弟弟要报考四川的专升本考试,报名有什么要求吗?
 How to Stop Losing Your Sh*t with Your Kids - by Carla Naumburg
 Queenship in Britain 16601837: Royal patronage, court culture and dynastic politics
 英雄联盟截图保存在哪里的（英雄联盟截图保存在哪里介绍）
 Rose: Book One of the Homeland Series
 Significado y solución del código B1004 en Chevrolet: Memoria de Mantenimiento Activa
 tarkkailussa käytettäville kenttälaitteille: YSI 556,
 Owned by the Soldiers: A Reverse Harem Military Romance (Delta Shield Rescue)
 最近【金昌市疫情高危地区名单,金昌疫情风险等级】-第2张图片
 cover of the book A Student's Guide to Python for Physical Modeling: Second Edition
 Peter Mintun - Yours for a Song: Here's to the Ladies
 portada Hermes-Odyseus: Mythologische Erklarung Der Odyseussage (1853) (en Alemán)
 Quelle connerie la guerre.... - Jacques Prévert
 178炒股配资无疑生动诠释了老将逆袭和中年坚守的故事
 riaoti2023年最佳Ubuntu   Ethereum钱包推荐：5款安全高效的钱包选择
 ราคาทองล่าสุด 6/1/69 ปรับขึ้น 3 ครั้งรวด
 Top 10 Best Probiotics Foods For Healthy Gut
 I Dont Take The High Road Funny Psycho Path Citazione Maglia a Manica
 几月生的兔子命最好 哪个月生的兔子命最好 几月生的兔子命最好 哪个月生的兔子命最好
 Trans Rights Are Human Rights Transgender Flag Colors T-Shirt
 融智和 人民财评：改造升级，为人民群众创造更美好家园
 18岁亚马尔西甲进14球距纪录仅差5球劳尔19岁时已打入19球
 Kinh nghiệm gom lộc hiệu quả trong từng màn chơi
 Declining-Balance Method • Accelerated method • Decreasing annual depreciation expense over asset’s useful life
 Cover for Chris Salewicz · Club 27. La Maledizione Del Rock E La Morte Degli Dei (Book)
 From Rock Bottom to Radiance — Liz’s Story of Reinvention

TASK TO CARRY OUT: For the data above, state only how many lines include the word "Rock".

RESPONSE TO THIS EXERCISE: 2